• **Activity**
Reproduce exactly, and only, the lines of the material below running from the line bearing "Holistay - Homestay Jammu - B&B Jammu" through the line bearing "Sedia Igloo in". Leave any pictures out.

====== Exercise materials

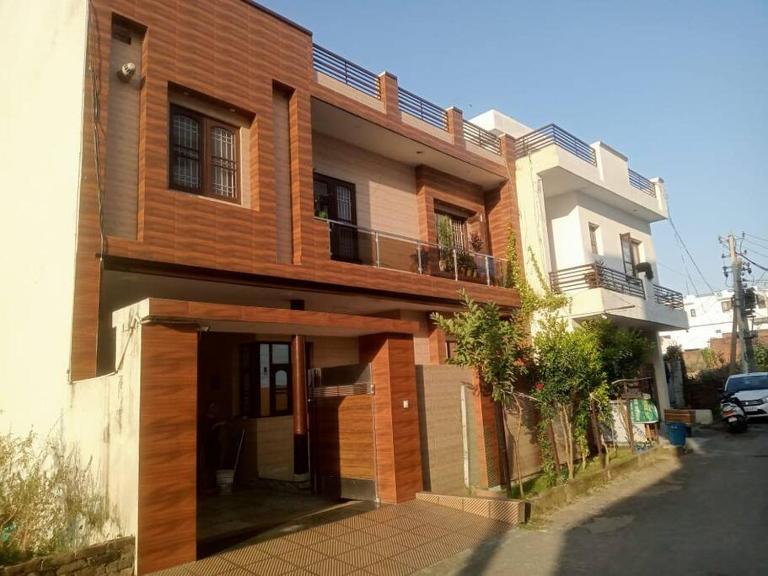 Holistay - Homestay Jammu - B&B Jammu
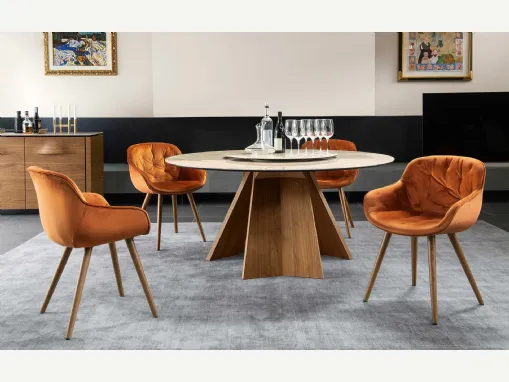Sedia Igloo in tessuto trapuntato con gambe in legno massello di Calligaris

============
====== Exercise materials

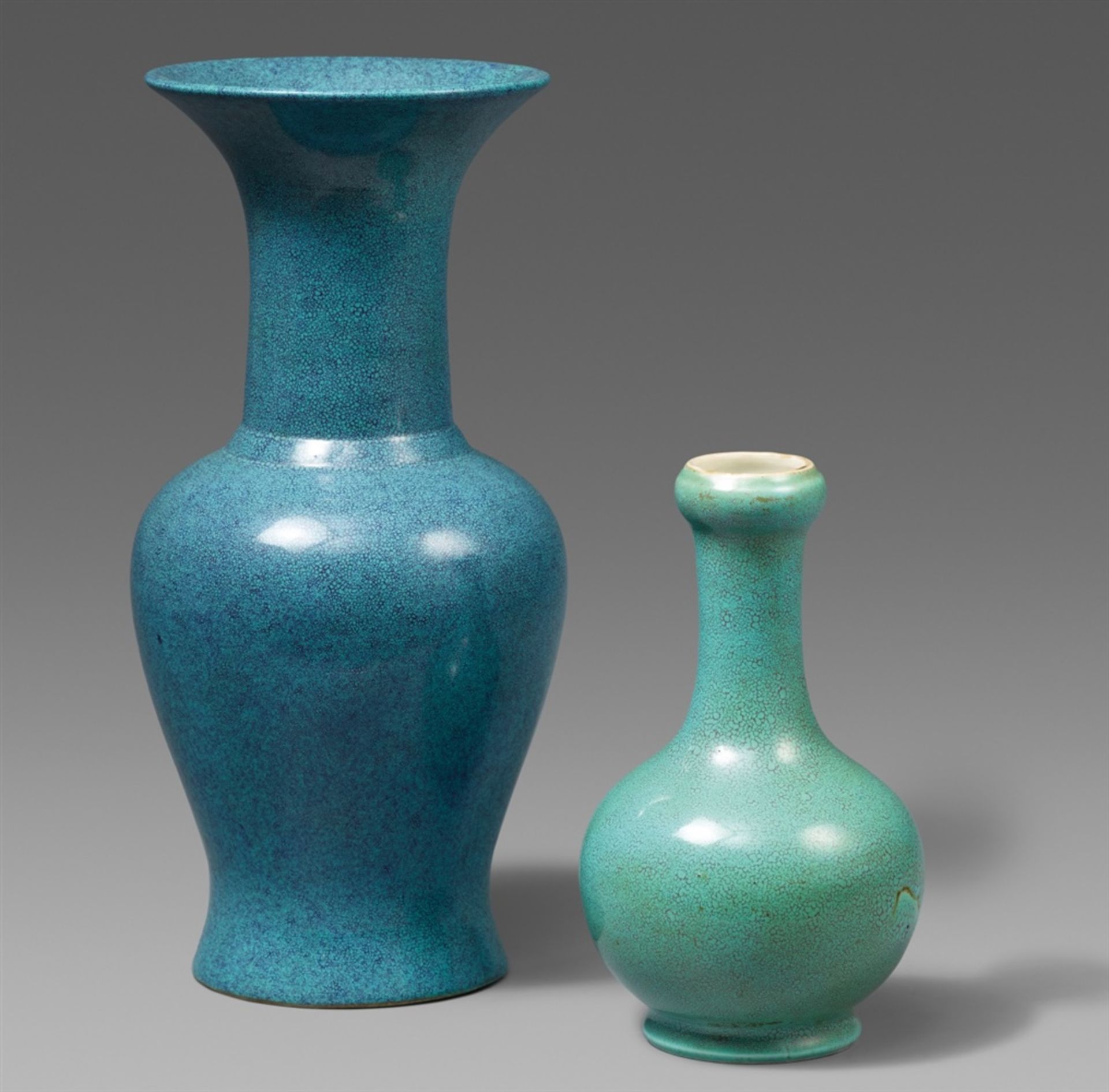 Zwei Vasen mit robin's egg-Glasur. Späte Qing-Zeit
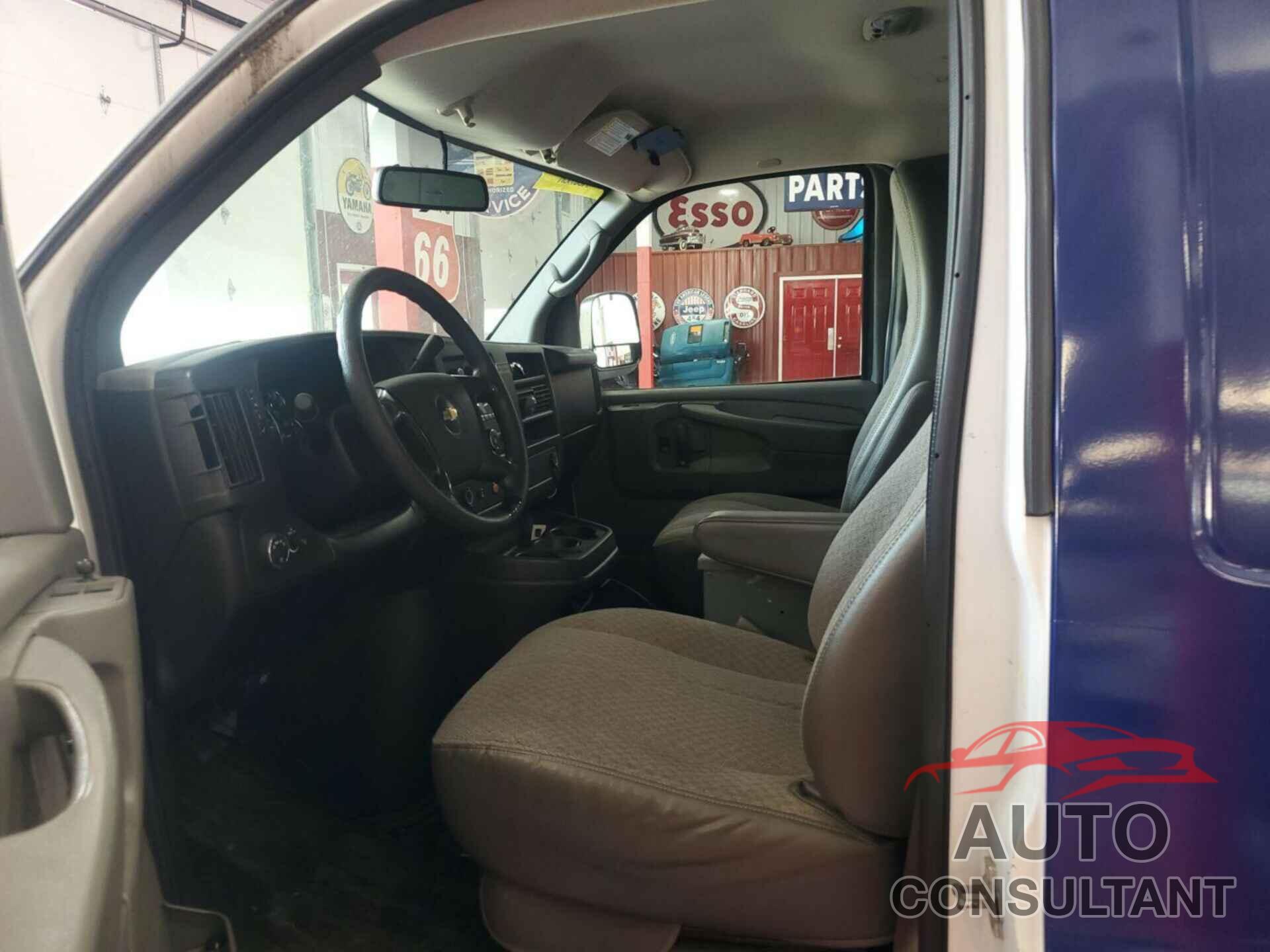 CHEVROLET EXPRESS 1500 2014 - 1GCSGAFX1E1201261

============

• **Solution for this exercise**
 Holistay - Homestay Jammu - B&B Jammu
Sedia Igloo in tessuto trapuntato con gambe in legno massello di Calligaris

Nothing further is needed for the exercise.